TASK INPUTS

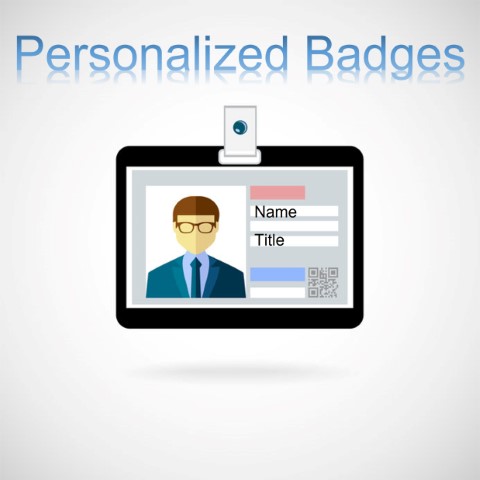 Personalized Badges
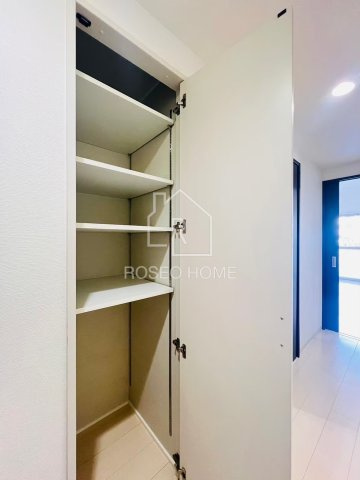 ルセル上町台の収納|同マンション別部屋：参考写真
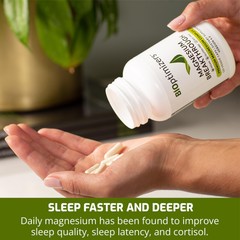 Breakthrough Magnesium BiOptimizers All 7 Essential Forms,for Sleep,Brain Health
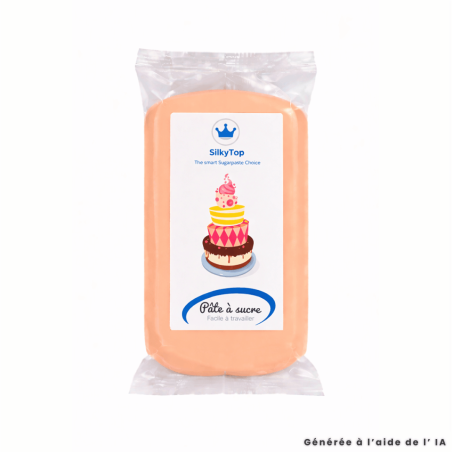 Pasta de açúcar SilkyTop - 23 cores à escolha - 1,49€ por 250 gr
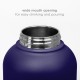 Ubbi Pup & Me Stainless Steel Insulated Portable 32 oz. Water Bottle for Dogs and Owners with Attached Dog Bowl, Yellow Ubbi Pup & Me Stainless Steel Insulated Portable 32 oz. Water Bottle for Dogs and Owners with Attached Dog Bowl, Yellow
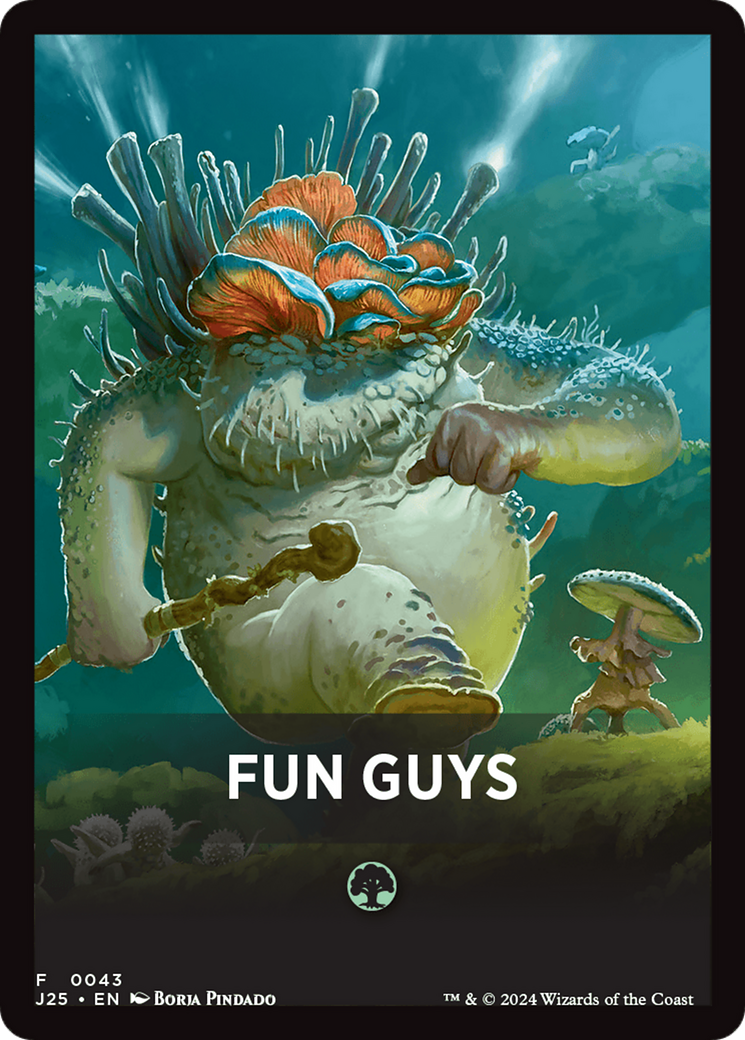 Fun Guys Theme Card [Foundations Jumpstart Front Cards] | Nerdhalla Games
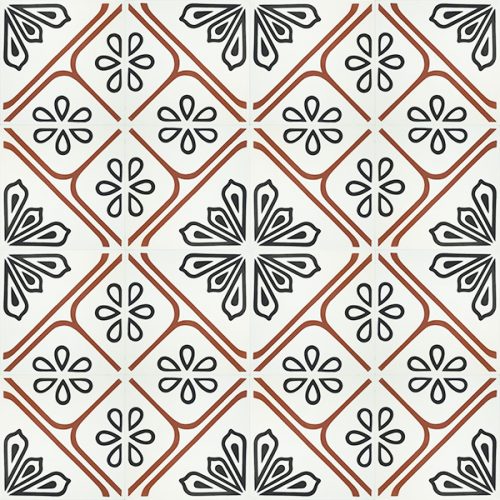 Joya Encaustic Tile - Rever Tiles | Vibrant, Beautiful & Timeless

WORK TO BE COMPLETED
Drop the images; return the entries above exactly as they appear.

RESPONSE AREA
 Personalized Badges
 ルセル上町台の収納|同マンション別部屋：参考写真
 Breakthrough Magnesium BiOptimizers All 7 Essential Forms,for Sleep,Brain Health
 Pasta de açúcar SilkyTop - 23 cores à escolha - 1,49€ por 250 gr
 Ubbi Pup & Me Stainless Steel Insulated Portable 32 oz. Water Bottle for Dogs and Owners with Attached Dog Bowl, Yellow Ubbi Pup & Me Stainless Steel Insulated Portable 32 oz. Water Bottle for Dogs and Owners with Attached Dog Bowl, Yellow
 Fun Guys Theme Card [Foundations Jumpstart Front Cards] | Nerdhalla Games
 Joya Encaustic Tile - Rever Tiles | Vibrant, Beautiful & Timeless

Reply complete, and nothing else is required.